Pierre la laissa s’apaiser, puis doucement :

— Tante Manon, répéta-t-il, dites-moi ce que vous savez d’Antonin Fargeot, dites-moi comment l’enfant que j’étais en vint à se trouver au pouvoir de cet homme… dites-moi vite… Peut-être votre récit me fournira-t-il, à défaut d’une solution définitive, quelque indice précieux !

— Je vais te satisfaire de mon mieux, mon enfant, soupira la bonne femme en s’essuyant les yeux ; mais, crois-moi, ce récit ne peut te fournir aucun renseignement positif sur ton passé… pas plus d’ailleurs que…

Un souvenir lui revenait tout à coup ; tant par scrupule de conscience que pour gagner du temps avant l’aveu suprême, elle ajouta…

— … pas plus, d’ailleurs, que le coffret qu’Antonin Fargeot me confia jadis… et que je possède encore aujourd’hui.

— Un coffret ! mais que contient-il ?

— Presque rien ! de menus bijoux… rien qui porte un nom, un chiffre ou des armes… car ton père portait un titre, sous l’ancien régime, je le sais…

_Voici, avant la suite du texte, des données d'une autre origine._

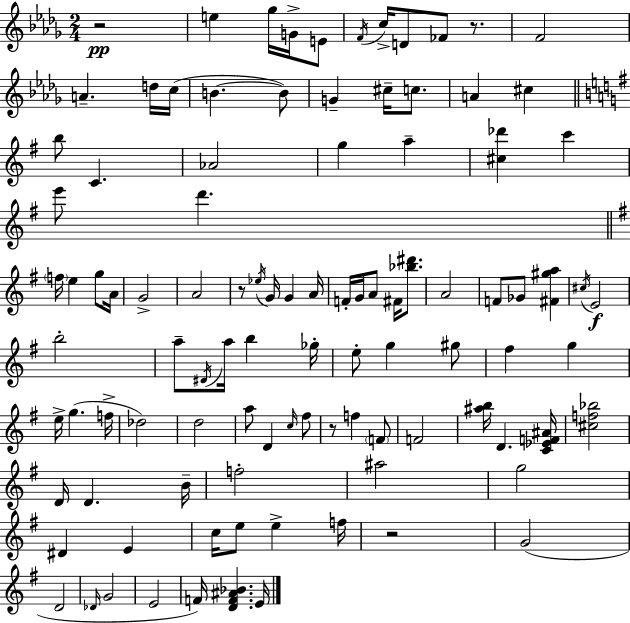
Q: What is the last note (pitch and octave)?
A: E4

— Oh ! vous me rendez fou ! gémit le pauvre Pierre. Ce coffret, montrez-le-moi… par pitié !…

La tante Manon se leva aussitôt et entra dans la maison, où le jeune homme la suivit. Là, elle tira d’une antique armoire à cachettes un petit coffre d’émail champlevé… et Pierre, éperdu, crut voir celui que, quelques jours auparavant, mademoiselle de Chanteraine avait ouvert sous ses yeux.

— Regarde, fit la vieille sans remarquer que l’officier terrassé par l’émotion ne l’interrogeait plus, ces objets t’appartiennent. Quand Antonin Fargeot te prit pour son fils, tu portais au cou cette chaîne d’or avec cette jolie médaille de Saint-Michel… Il y avait aussi une bague, une petite bague de femme, mais Antonin ne me l’a pas donnée, c’était comme un talisman qu’il gardait… Et puis, regarde encore… voici autre chose, une clé d’argent toute ciselée… Ah ! pourquoi, pourquoi ton nom n’est-il pas écrit sur ces bijoux, mon pauvre enfant ?

… Mais le nom que les lèvres du maître d’école n’avaient pu proférer dans les affres de l’agonie, le nom que Manon Fargeot cherchait en vain, le nom mystérieux flamboyait déjà sur le coffret à reliques, sur la chaîne d’or, sur la clé d’argent, aux yeux extasiés de l’homme qui aimait Claude de Chanteraine.